- **DATA TO PROCESS**
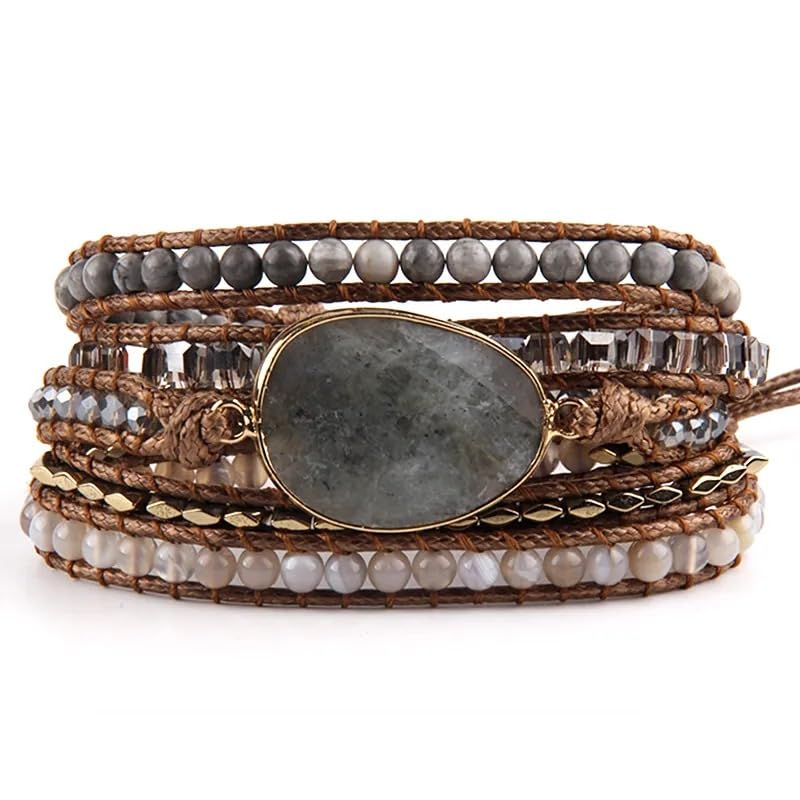Women Wrap Bracelet Boho Natural Jasper Crystal Stone Beads Strand Bracelets - color: Gray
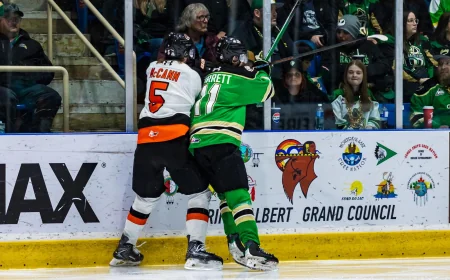 Owen Corkish Leads Raiders Past Tigers 6-3 in Game 5 — Whl Playoffs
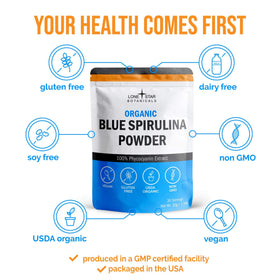 Poudre de Spiruline Bleue Bio dans un bol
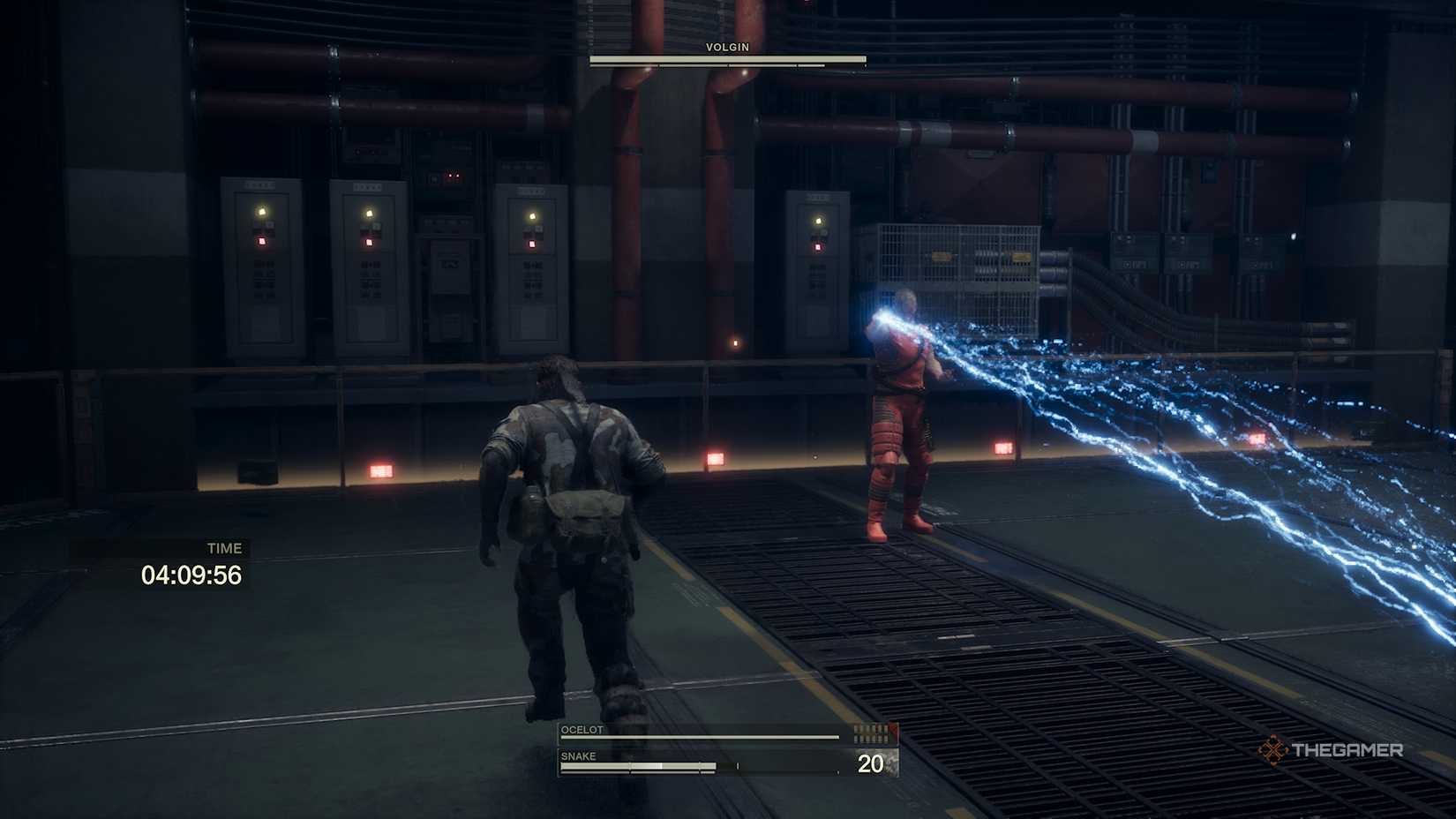 Volgin shooting a bolt of lightning at Snake in Metal Gear Delta: Snake Eater.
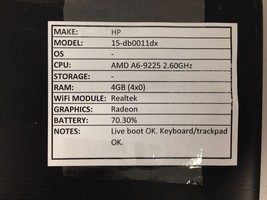 Hp 15-db0011dx *Parts/Repair* A6/4GB/BATT - No OS/HDD/CHRG - $57.83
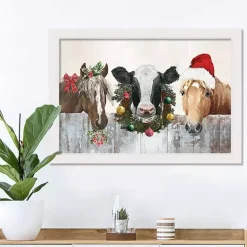 Barn Animals White Framed Canvas Art Print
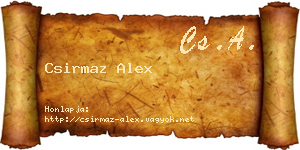 Csirmaz Alex névjegykártya
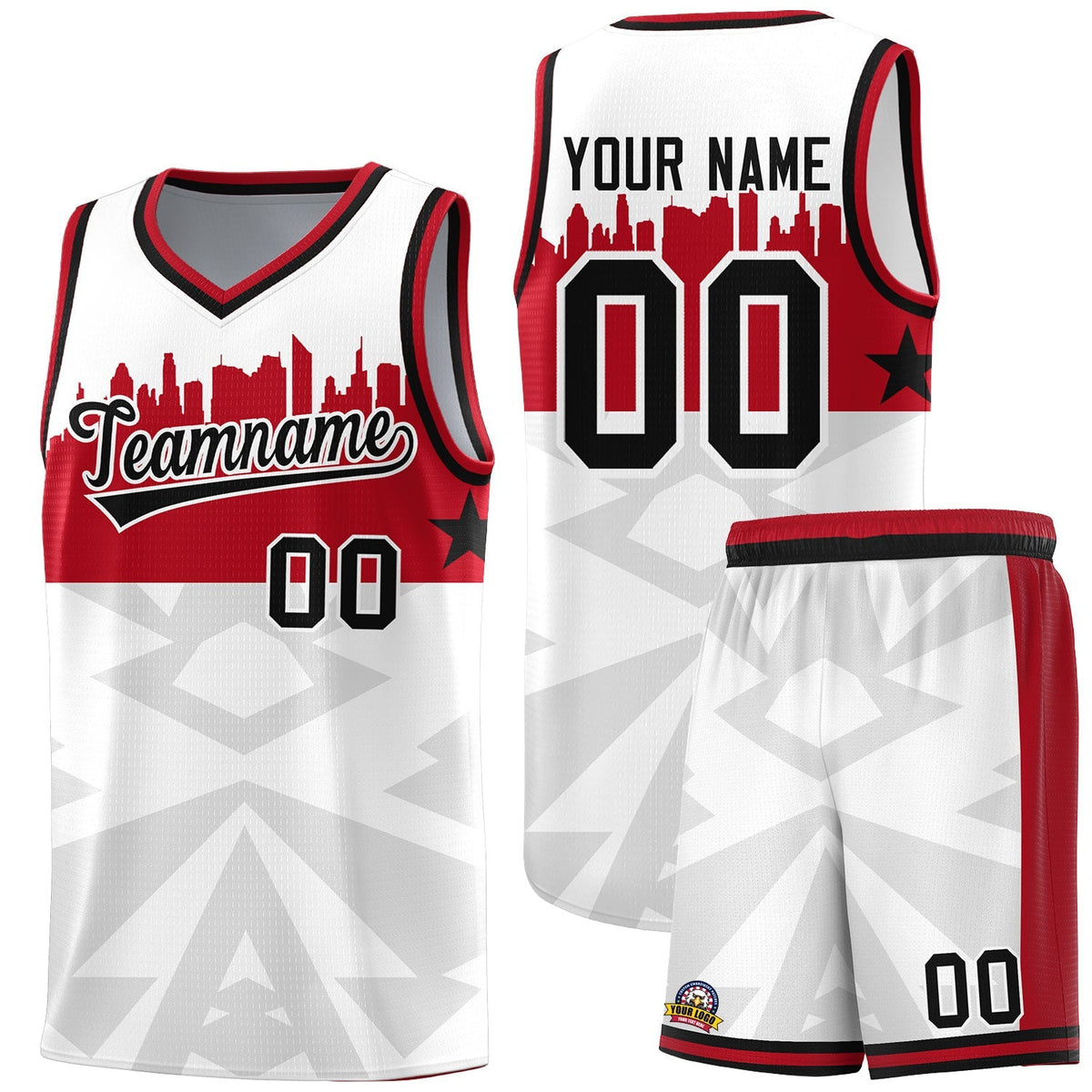 Custom White Personalized City Silhouette Pattern Sports Uniform Basketball Jersey|KXKSHOP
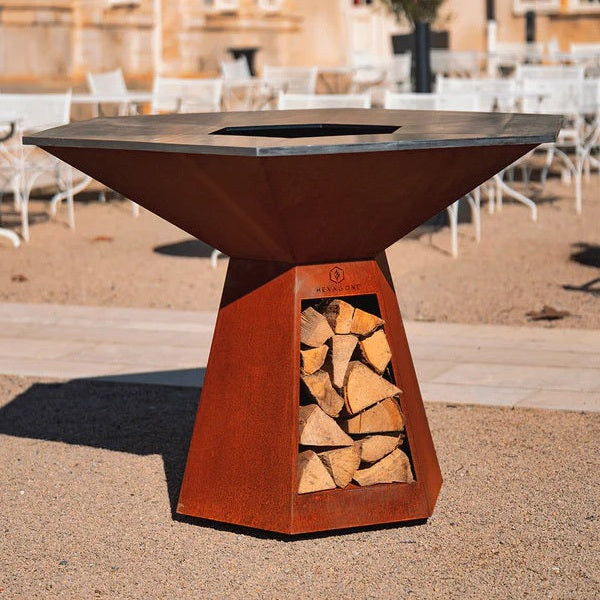 Brasero Hexagone Grand Banquet 150 Cortenstaal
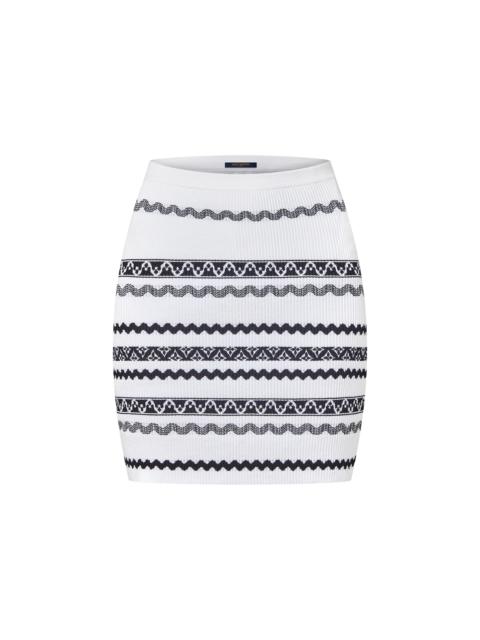 Louis Vuitton Scallop Stripe Knit Skirt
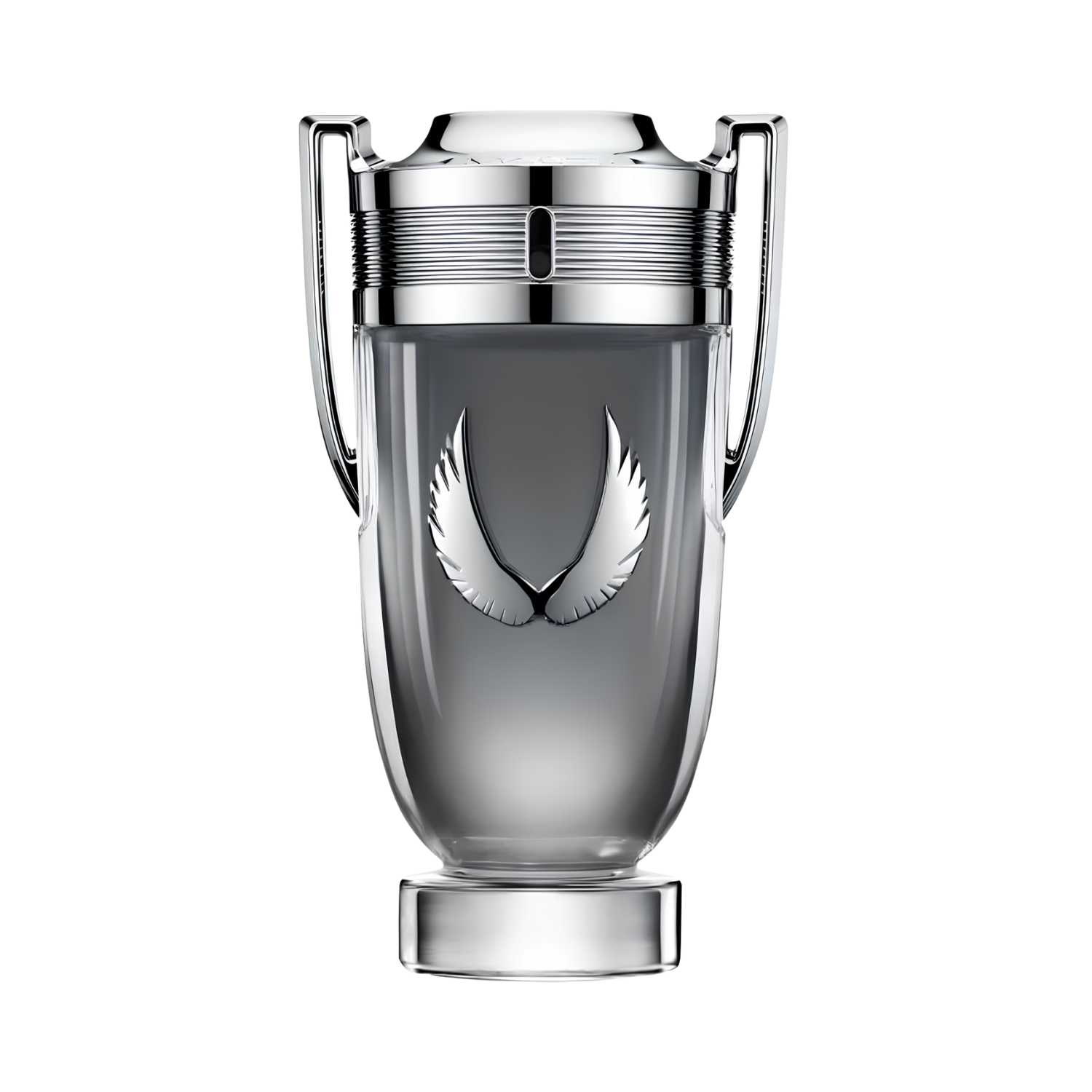 Frasco do perfume masculino Invictus Platinum Rabanne Eau de Parfum 200ml com design de troféu em vidro transparente e líquido em tom cinza escuro, com asas prateadas em relevo no centro. Possui alças laterais e tampa em metal prateado, com detalhes ranhurados.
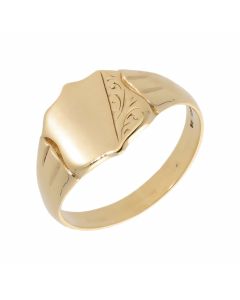 Pre-Owned 9ct Yellow Gold Part Patterned Shield Signet Ring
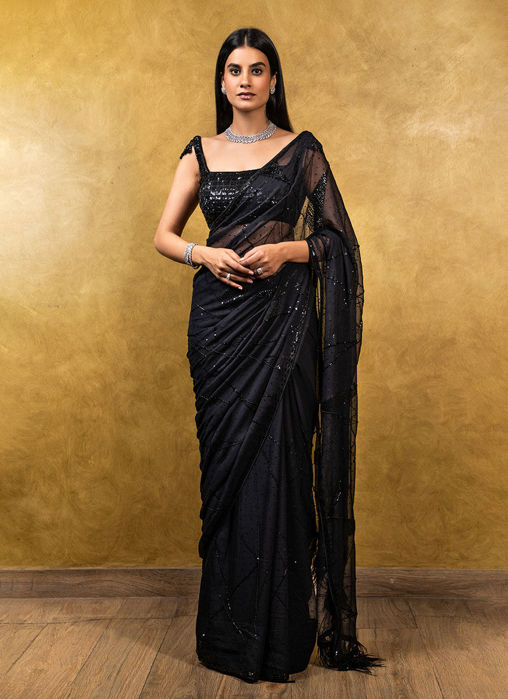 Picture of Black Chiffon Saree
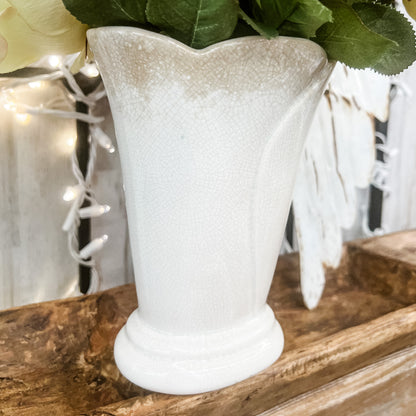 White Crackle Vase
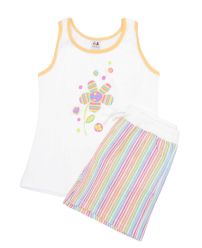 Pijama Verano Remera Musculosa y Short Estampado Flor y Rayas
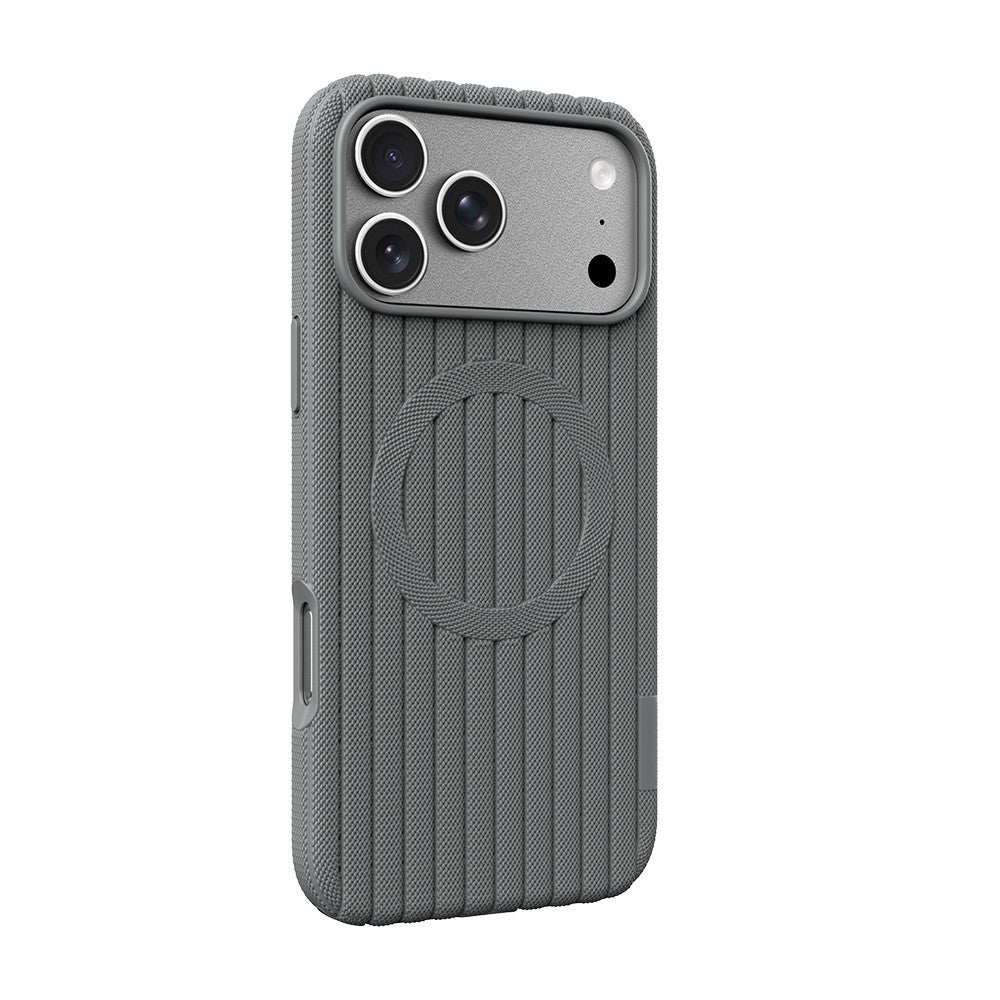 iPhone 18 Pro Max Kılıf M-Safe Şarj Özellikli Çizgi Desenli Kumaş Dokulu Zore Paris Lorin Kılıf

- **EXERCISE BRIEF**
The listing should be transcribed in full, exactly, and without its pictures.

- **SOLUTION TO THIS TASK**
Women Wrap Bracelet Boho Natural Jasper Crystal Stone Beads Strand Bracelets - color: Gray
 Owen Corkish Leads Raiders Past Tigers 6-3 in Game 5 — Whl Playoffs
 Poudre de Spiruline Bleue Bio dans un bol
 Volgin shooting a bolt of lightning at Snake in Metal Gear Delta: Snake Eater.
 Hp 15-db0011dx *Parts/Repair* A6/4GB/BATT - No OS/HDD/CHRG - $57.83
 Barn Animals White Framed Canvas Art Print
 Csirmaz Alex névjegykártya
 Custom White Personalized City Silhouette Pattern Sports Uniform Basketball Jersey|KXKSHOP
 Brasero Hexagone Grand Banquet 150 Cortenstaal
 Louis Vuitton Scallop Stripe Knit Skirt
 Frasco do perfume masculino Invictus Platinum Rabanne Eau de Parfum 200ml com design de troféu em vidro transparente e líquido em tom cinza escuro, com asas prateadas em relevo no centro. Possui alças laterais e tampa em metal prateado, com detalhes ranhurados.
 Pre-Owned 9ct Yellow Gold Part Patterned Shield Signet Ring
 Picture of Black Chiffon Saree
 White Crackle Vase
 Pijama Verano Remera Musculosa y Short Estampado Flor y Rayas
 iPhone 18 Pro Max Kılıf M-Safe Şarj Özellikli Çizgi Desenli Kumaş Dokulu Zore Paris Lorin Kılıf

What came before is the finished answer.